What the exercise asks: Once the line containing "Striped Camisole Nightdress Orange" appears, output it and each remaining line of the records below exactly, with no pictures and nothing more.

------------------------

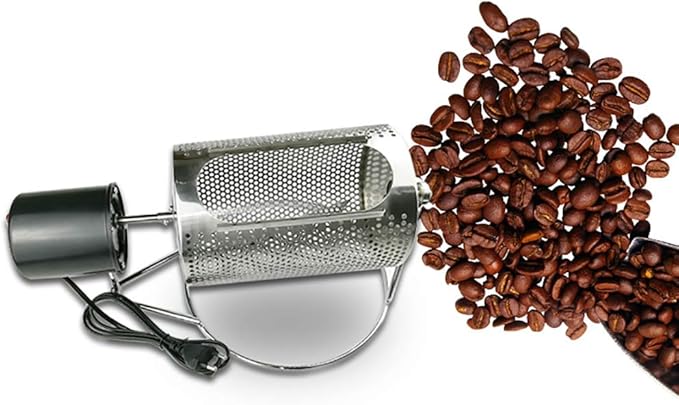 iDili AC 110V Electric Coffee Roasting Machine Coffee Bean Grains Nuts Roaster Stainless Steel Coffee Bean Roller Type Baking Machine 100-250G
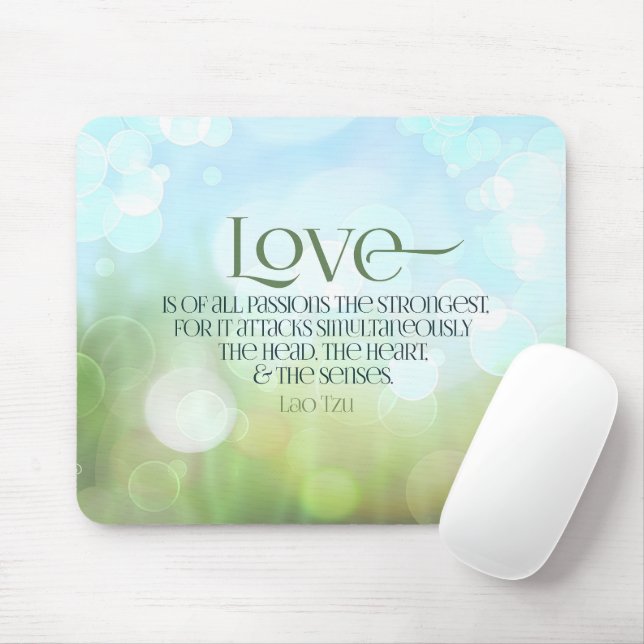 Lao Tzu Inspirational Quote "Love" Mouse Mat (With Mouse)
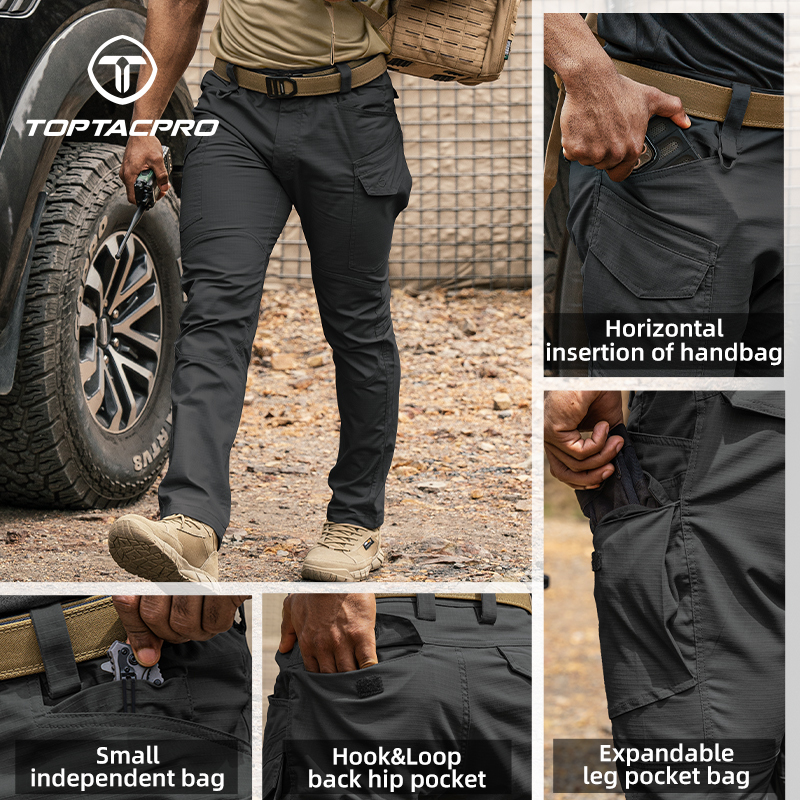TOPTACPRO Men's Tactical Pants Flex Ripstop Cargo Trousers for Outdoor Hiking Work Casual Pants Large Capacity Pants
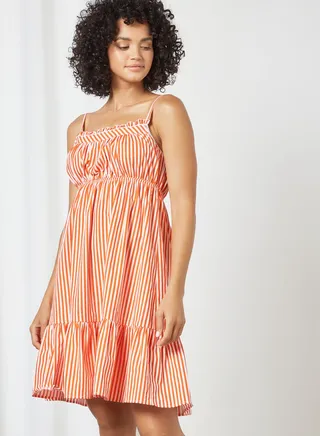 Striped Camisole Nightdress Orange 
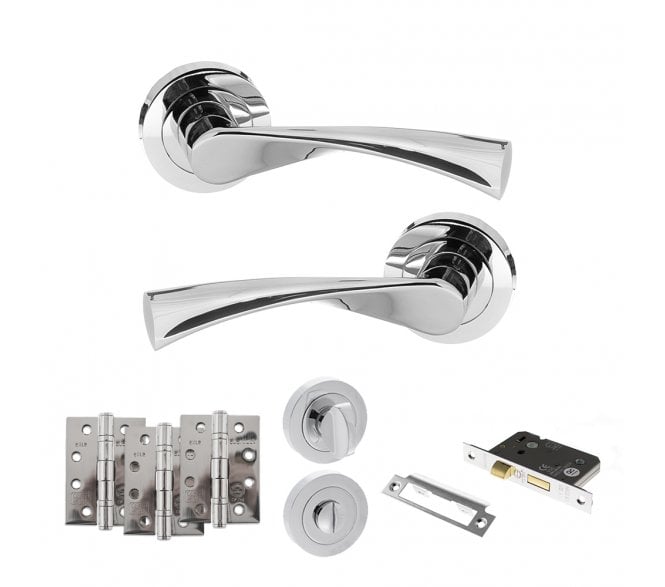 STATUS Colorado Door Handle Bathroom Pack (4 Fire Rated Hinges x3) - Polished Chrome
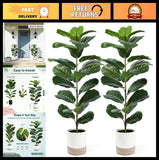30" Artificial Fiddle Leaf Fig Tree - 2 Pack Realistic Indoor/Outdoor Decor Green Plant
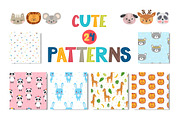 Seamless patterns with cute animals, an Animal Illustration by Helen Sko (Thumbnail 1 of 4)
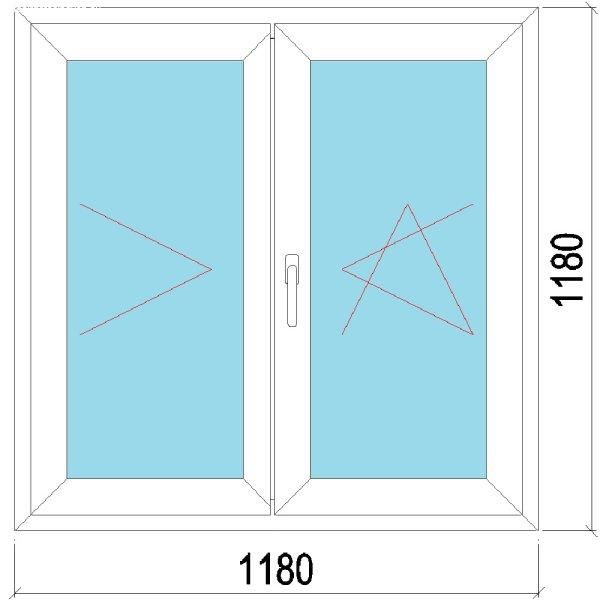 120x120 műanyag ablak, kétszárnyú, váltószárnyas, nyíló-bukó/nyíló,
3 réteg Decco 83
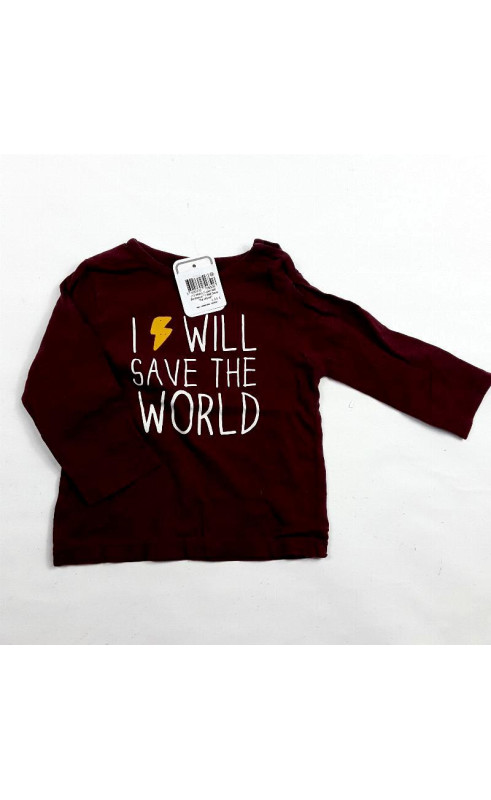 T-shirt MC bordeaux " i will save the world"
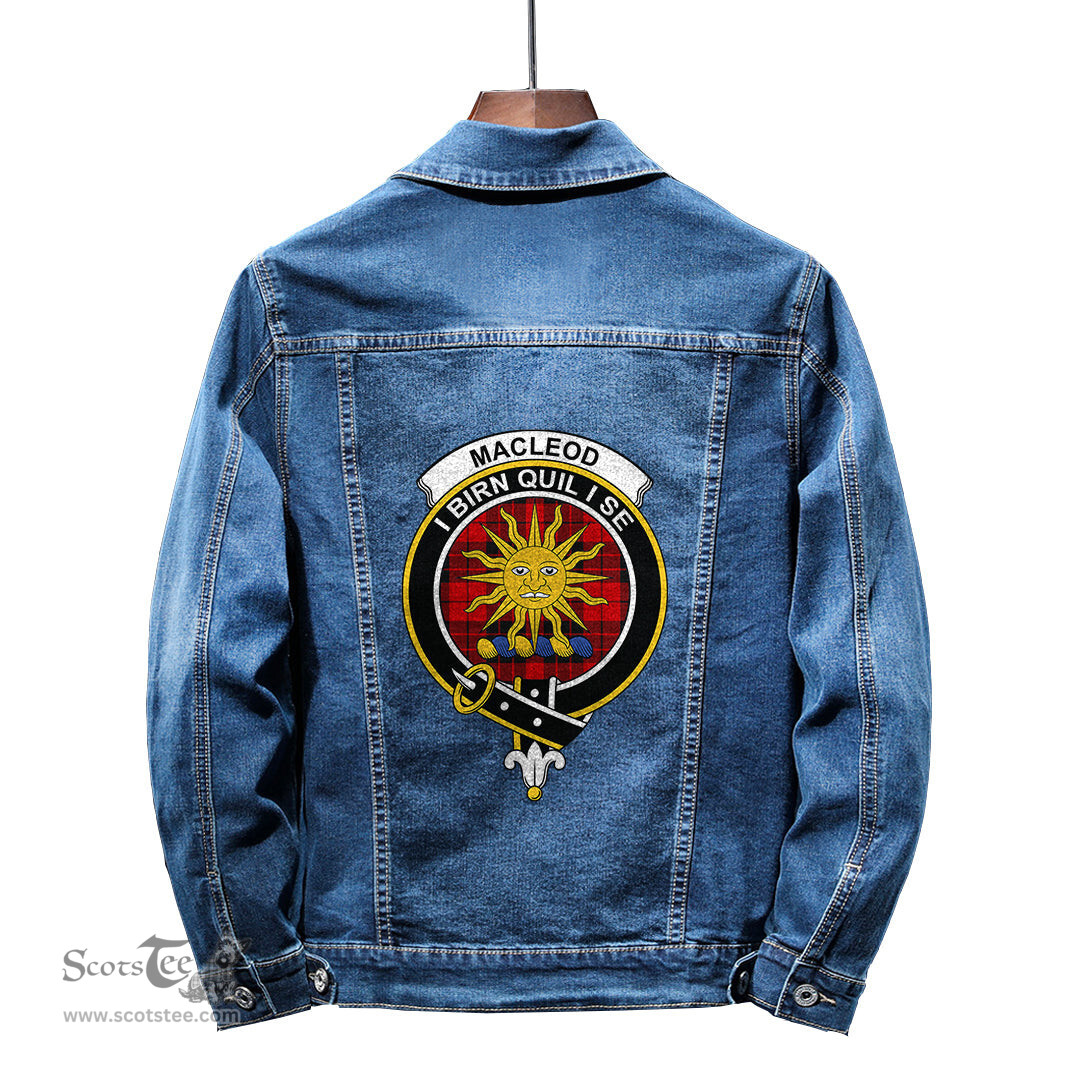 ScotsTee Shop Scottish MacLeod of Raasay Clan Crest Tartan Scottish Denim Jacket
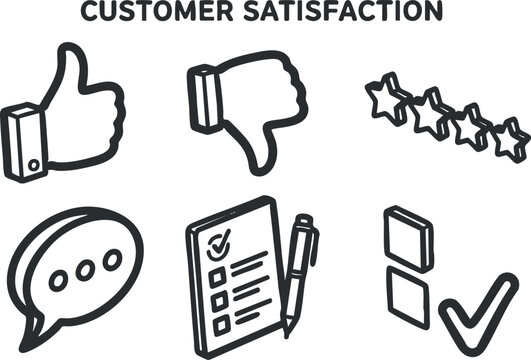 Set of modern vector icons representing customer satisfaction concepts, including feedback, ratings, and evaluation tools.
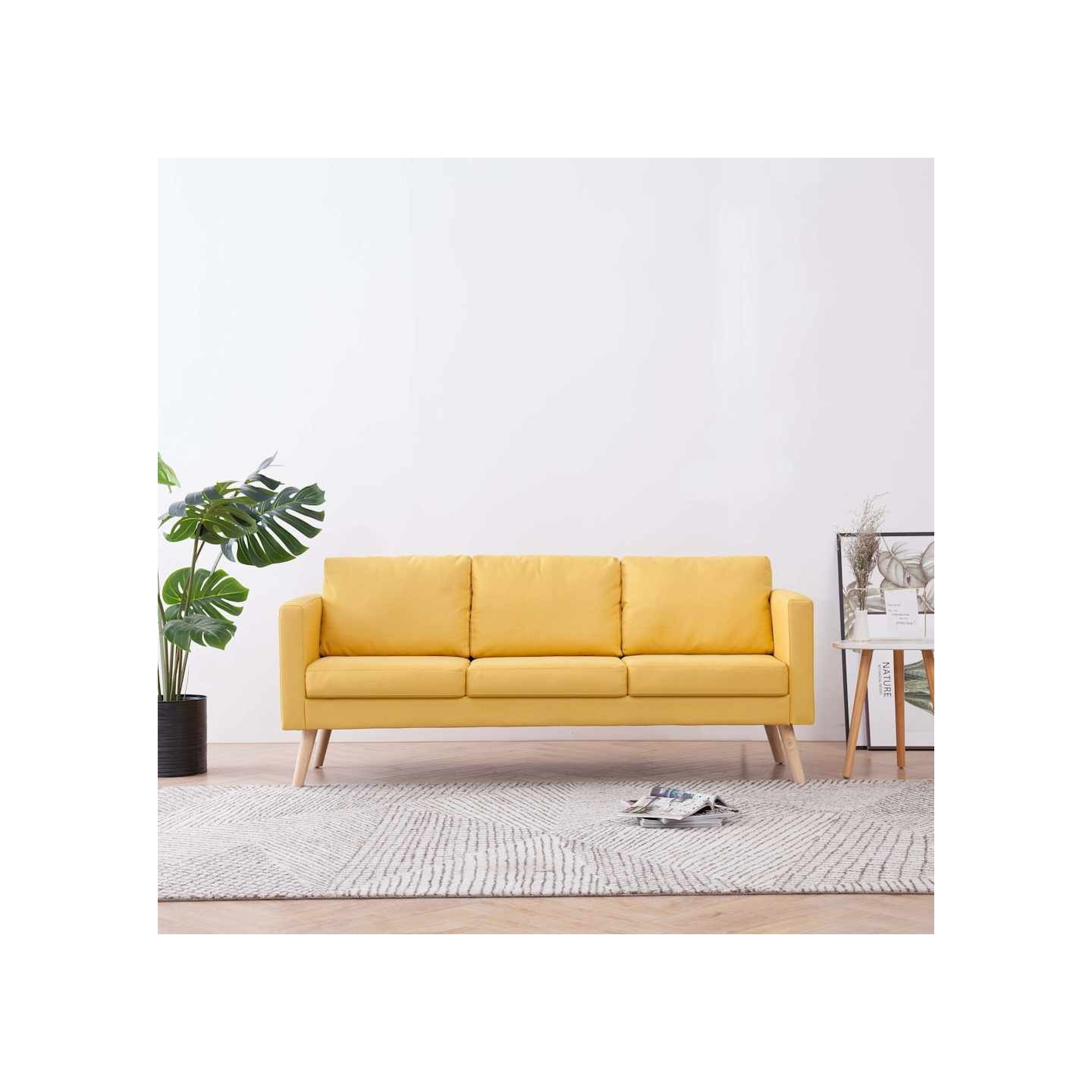 Canapé à 3 places Tissu Jaune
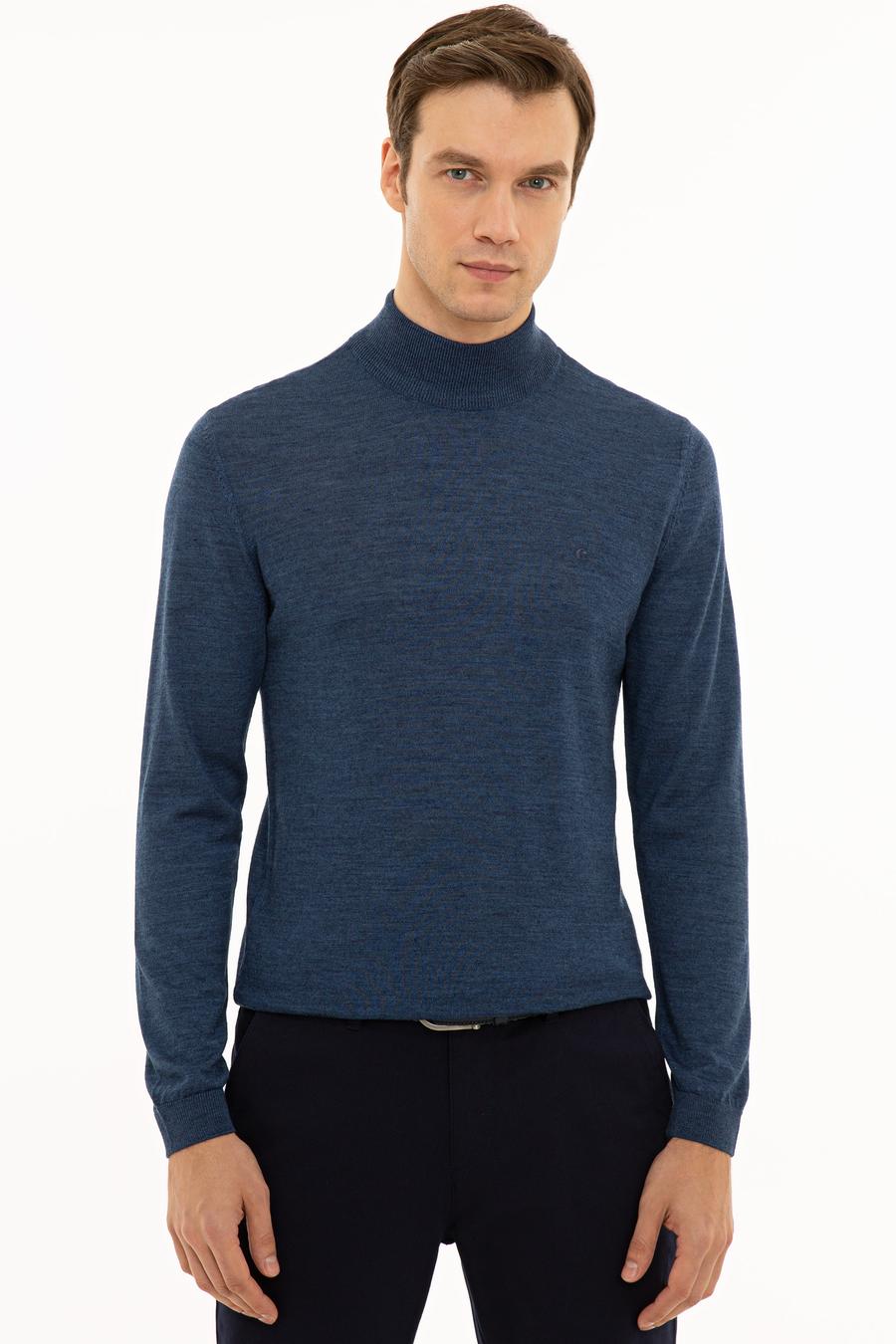 İndigo Slim Fit Yarım Balıkçı Basic Triko Kazak - 50229754084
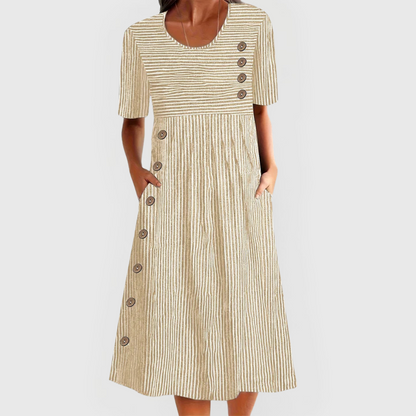 Short Sleeve Scoop Neck Striped Button Accent Dress Midi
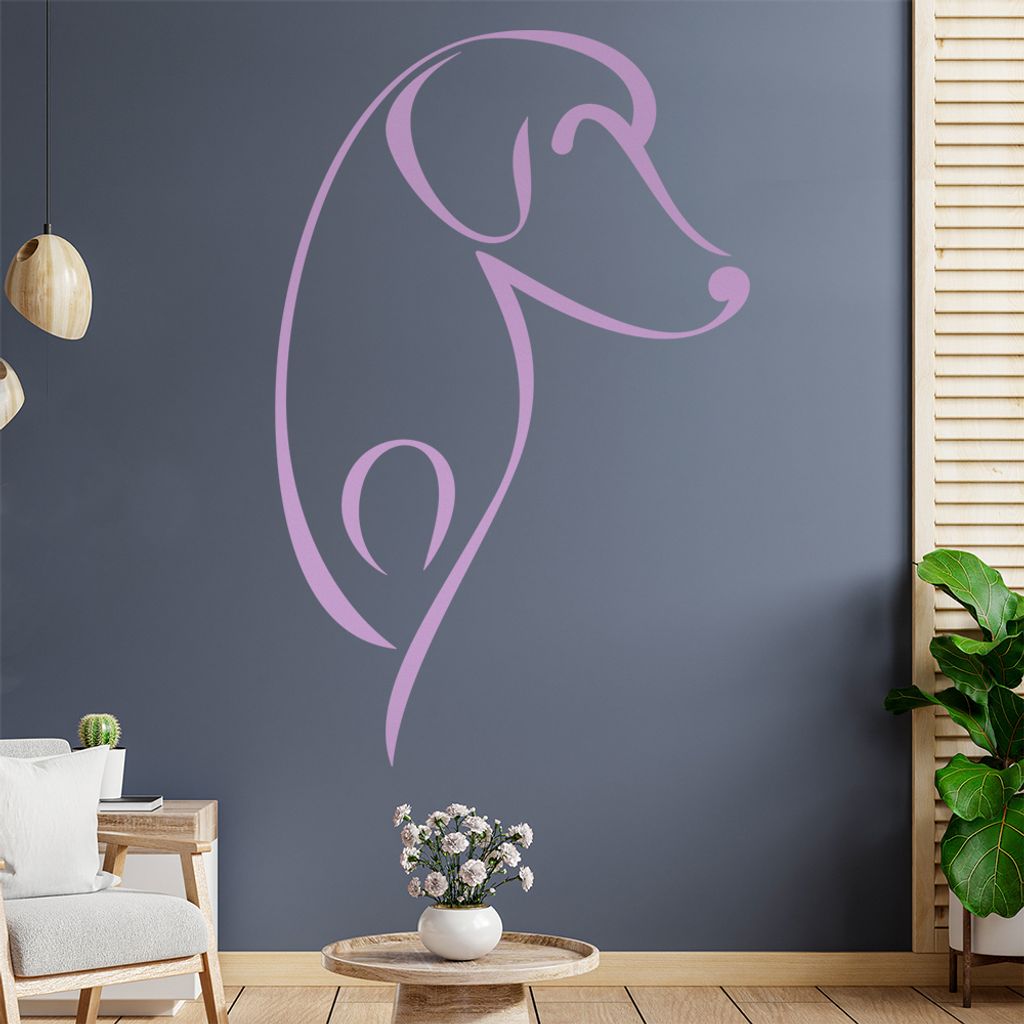 Hund Linien - Hunde Wandtattoo in 6 Größen - Wandaufkleber Wall Sticker - Dekoration, Küche, Wohnzimmer, Schlafzimmer, Badezimmer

------------------------

Response:
 Striped Camisole Nightdress Orange 
 STATUS Colorado Door Handle Bathroom Pack (4 Fire Rated Hinges x3) - Polished Chrome
30" Artificial Fiddle Leaf Fig Tree - 2 Pack Realistic Indoor/Outdoor Decor Green Plant
 Seamless patterns with cute animals, an Animal Illustration by Helen Sko (Thumbnail 1 of 4)
 120x120 műanyag ablak, kétszárnyú, váltószárnyas, nyíló-bukó/nyíló,
3 réteg Decco 83
 T-shirt MC bordeaux " i will save the world"
 ScotsTee Shop Scottish MacLeod of Raasay Clan Crest Tartan Scottish Denim Jacket
 Set of modern vector icons representing customer satisfaction concepts, including feedback, ratings, and evaluation tools.
 Canapé à 3 places Tissu Jaune
 İndigo Slim Fit Yarım Balıkçı Basic Triko Kazak - 50229754084
 Short Sleeve Scoop Neck Striped Button Accent Dress Midi
 Hund Linien - Hunde Wandtattoo in 6 Größen - Wandaufkleber Wall Sticker - Dekoration, Küche, Wohnzimmer, Schlafzimmer, Badezimmer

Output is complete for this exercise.